The Pretty Reckless, For I Am Death Review

Rock

by Semus Fitzpatrick

The Pretty Reckless return after four years with “For I Am Death,” a three-and-a-half-minute adventure in modern hard-rock architecture. It’s a track that understands pacing, texture, and voltage. This song reminds us how much power exists between great songwriting and commanding singing.

A dry, biting guitar riff opens the piece, its midrange crunch left un-sweetened by ambience, an aesthetic choice that instantly feels deliberate and pulls you into the soundstage. When the band enters tutti, the sonic field expands laterally rather than vertically: bass locks in unison with the riff, drums slam on the downbeat, and the compression envelope keeps the transients sharp. The effect is cinematic momentum without excess density.

The form twists through sectional pivots with developing verse, pre-chorus, chorus, each shaped by rhythmic punctuation and controlled dynamic surges. Those ensemble stops and hits are not ornamental; they act as hinges, granting the arrangement both impact and air.

Taylor Momsen delivers a commanding performance that justifies her status as one of hard-rock’s most technically aware vocalists. Her entry answers the guitar riff like a second guitar line, focused, slightly overdriven, aligned with the bass and drums. She deploys bite and growl on the second pass, leaning into controlled rasp that sits squarely on pitch, not over it.

The chorus reveals her dynamic architecture as she climbs into her upper register without sacrificing body, supported by a mix that tucks the low mids slightly to let those overtone harmonics bloom. In the bridge, the key shift introduces contrast to a darker tonality, lower tessitura. Momsen’s chest resonance reasserts itself before she leaps into a clean falsetto burst. It’s a demonstration of register balance that makes her an outstanding rock vocalist.

Guitarist Ben Phillips builds the song around a modular riff with each return varied by voicing or harmonic add-on. The rhythm section’s fell is key as Mark Damon’s bass mirrors the guitar early, then separates subtly during the call and response, adding a sub-low bloom that thickens the stereo image. Jamie Perkins’ drumming maintains forward push through accent shifts rather than sheer volume with a well-placed snare and bass drum work steering tension across choruses.

The bridge’s acoustic-guitar layer is an inspired contrast, allowing a brief clearing that re-contextualizes the distortion when it returns. Mixing (credited to Jonathan Wyman) favors transient precision over loudness war fatigue; there’s punch, but also breath. The final chorus re-introduces the full ensemble with widened guitars, expanded reverb tail, and Momsen’s voice riding atop with unrestrained force.

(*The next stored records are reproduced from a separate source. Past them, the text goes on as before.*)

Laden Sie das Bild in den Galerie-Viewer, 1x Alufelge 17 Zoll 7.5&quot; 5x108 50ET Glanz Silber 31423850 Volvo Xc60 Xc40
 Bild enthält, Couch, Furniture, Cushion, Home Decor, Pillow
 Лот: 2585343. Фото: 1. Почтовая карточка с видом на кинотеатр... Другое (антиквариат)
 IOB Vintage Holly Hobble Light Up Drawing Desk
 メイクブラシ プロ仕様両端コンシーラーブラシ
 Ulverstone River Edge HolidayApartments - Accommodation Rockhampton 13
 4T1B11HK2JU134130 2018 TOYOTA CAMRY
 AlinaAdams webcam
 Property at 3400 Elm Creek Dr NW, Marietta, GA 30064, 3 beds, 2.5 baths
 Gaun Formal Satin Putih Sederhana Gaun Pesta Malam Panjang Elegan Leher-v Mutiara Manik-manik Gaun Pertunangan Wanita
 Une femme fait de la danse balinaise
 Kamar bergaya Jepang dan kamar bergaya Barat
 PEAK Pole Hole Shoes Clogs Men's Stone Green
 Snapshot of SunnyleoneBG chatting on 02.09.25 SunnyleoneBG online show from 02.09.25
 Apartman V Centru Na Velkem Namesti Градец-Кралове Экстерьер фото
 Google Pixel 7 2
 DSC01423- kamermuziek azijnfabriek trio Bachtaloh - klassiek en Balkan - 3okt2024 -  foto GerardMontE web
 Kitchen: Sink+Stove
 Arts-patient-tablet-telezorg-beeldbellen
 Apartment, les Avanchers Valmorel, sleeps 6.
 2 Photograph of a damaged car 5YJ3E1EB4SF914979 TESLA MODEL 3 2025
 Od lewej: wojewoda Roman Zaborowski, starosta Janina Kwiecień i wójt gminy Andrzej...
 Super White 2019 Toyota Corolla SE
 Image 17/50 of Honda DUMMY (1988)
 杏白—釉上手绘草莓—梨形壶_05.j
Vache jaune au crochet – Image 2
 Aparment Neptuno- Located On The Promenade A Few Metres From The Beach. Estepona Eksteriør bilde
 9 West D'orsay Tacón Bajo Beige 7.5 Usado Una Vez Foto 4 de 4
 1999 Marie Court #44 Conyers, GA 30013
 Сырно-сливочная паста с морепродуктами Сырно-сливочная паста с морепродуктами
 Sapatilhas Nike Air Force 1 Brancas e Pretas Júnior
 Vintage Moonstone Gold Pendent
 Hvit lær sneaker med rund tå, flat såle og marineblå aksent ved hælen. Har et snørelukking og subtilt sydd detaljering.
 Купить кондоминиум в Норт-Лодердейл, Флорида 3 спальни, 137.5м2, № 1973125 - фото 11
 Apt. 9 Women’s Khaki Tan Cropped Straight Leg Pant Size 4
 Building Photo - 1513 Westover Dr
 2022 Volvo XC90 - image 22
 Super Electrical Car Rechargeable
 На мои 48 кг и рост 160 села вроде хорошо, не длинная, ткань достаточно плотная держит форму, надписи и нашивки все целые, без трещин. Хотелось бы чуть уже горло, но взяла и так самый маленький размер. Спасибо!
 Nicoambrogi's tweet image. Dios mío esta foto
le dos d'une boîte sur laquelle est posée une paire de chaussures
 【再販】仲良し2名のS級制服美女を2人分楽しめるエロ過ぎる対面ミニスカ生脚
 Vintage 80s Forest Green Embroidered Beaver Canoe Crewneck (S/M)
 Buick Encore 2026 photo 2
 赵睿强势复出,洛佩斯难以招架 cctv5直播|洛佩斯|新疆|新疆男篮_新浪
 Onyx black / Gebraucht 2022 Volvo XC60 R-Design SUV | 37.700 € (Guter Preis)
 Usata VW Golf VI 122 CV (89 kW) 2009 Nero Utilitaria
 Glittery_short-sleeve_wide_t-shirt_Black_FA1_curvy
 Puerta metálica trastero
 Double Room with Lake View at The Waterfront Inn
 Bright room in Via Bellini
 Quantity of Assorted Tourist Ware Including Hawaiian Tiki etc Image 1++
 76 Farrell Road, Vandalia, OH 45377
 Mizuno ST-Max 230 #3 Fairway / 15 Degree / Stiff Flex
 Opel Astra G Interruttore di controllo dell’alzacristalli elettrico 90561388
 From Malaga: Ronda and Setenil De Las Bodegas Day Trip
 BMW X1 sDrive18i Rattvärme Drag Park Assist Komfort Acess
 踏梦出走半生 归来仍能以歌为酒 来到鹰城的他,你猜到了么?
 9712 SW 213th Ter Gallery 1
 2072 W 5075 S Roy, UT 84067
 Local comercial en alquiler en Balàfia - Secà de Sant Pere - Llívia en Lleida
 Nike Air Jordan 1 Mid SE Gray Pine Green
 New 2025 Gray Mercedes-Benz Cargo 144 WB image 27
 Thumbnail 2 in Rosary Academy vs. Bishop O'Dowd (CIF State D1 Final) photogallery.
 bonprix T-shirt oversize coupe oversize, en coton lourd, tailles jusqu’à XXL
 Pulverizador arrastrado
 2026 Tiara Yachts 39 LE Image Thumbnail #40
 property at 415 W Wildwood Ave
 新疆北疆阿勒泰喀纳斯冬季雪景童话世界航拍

“For I Am Death” signals a band unafraid of thematic or sonic extremity with production fullness to match. It ties their post-grunge lineage to contemporary fidelity with distortion sculpted, dynamics intentional, and the high energy vocal persona intact. A precise, high-voltage statement that re-establishes The Pretty Reckless as a benchmark for performance-driven hard rock in 2025. That’s the short of it!